Les parties ont été régulièrement averties du jour de l'audience.
Ont été entendus au cours de l'audience publique :
- le rapport de M. Nil Carpentier-Daubresse, premier conseiller,
- les conclusions de M. Hervé Cassara, rapporteur public,
- et les observations de Me D..., représentant la fédération des entreprises de boulangerie, et de Me B..., représentant la maison de la boulangerie-pâtisserie artisanale de l'Eure.
Considérant ce qui suit :
1. Par un arrêté du 9 octobre 1996, intervenu à la suite d'un accord conclu le 7 octobre 1996 entre certains syndicats d'employeurs et de travailleurs concernés, le préfet de l'Eure a prescrit la fermeture au public, un jour par semaine, des établissements ou parties d'établissements dans lesquels s'effectue la vente, la distribution ou la livraison de pain et viennoiserie. La fédération des entrepreneurs de boulangerie a, par un courrier réceptionné le 25 janvier 2016, demandé à ce qu'une consultation de l'ensemble des organisations professionnelles intéressées soit réalisée et l'abrogation de cet arrêté préfectoral. La fédération des entreprises de boulangerie relève appel du jugement du 23 avril 2019 par lequel le tribunal administratif de Rouen a rejeté sa demande tendant à l'annulation de la décision implicite de refus opposée par le préfet de l'Eure.
Sur l'intervention de la maison de la boulangerie-pâtisserie artisanale de l'Eure :
2. La maison de la boulangerie-pâtisserie artisanale de l'Eure ayant intérêt au maintien de l'arrêté dont l'abrogation est demandée, son intervention est recevable.

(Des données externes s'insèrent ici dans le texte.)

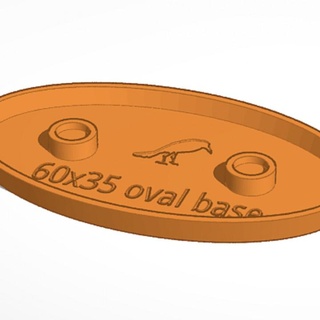 60x35mm oval base magnético cuervo miniaturas mesa accesorios mini martillo guerra miniatura bases ciudadela 3d print model - Mito3D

Sur le bien-fondé du jugement attaqué :
3. Aux termes de l'article L. 3132-29 du code du travail : " Lorsqu'un accord est intervenu entre les organisations syndicales de salariés et les organisations d'employeurs d'une profession et d'une zone géographique déterminées sur les conditions dans lesquelles le repos hebdomadaire est donné aux salariés, le préfet peut, par arrêté, sur la demande des syndicats intéressés, ordonner la fermeture au public des établissements de la profession ou de la zone géographique concernée pendant toute la durée de ce repos. Ces dispositions ne s'appliquent pas aux activités dont les modalités de fonctionnement et de paiement sont automatisées. / A la demande des organisations syndicales représentatives des salariés ou des organisations représentatives des employeurs de la zone géographique concernée exprimant la volonté de la majorité des membres de la profession de cette zone géographique, le préfet abroge l'arrêté mentionné au premier alinéa, sans que cette abrogation puisse prendre effet avant un délai de trois mois. "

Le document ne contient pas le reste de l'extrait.